DATA PROVIDED:
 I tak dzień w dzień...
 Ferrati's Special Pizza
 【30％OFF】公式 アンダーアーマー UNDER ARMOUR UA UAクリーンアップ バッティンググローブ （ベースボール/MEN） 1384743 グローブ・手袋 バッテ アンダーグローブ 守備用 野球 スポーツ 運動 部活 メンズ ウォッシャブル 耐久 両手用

WORK REQUEST:
The whole of the data is to be returned with every line intact.

YOUR RESPONSE:
 I tak dzień w dzień...
 Ferrati's Special Pizza
 【30％OFF】公式 アンダーアーマー UNDER ARMOUR UA UAクリーンアップ バッティンググローブ （ベースボール/MEN） 1384743 グローブ・手袋 バッテ アンダーグローブ 守備用 野球 スポーツ 運動 部活 メンズ ウォッシャブル 耐久 両手用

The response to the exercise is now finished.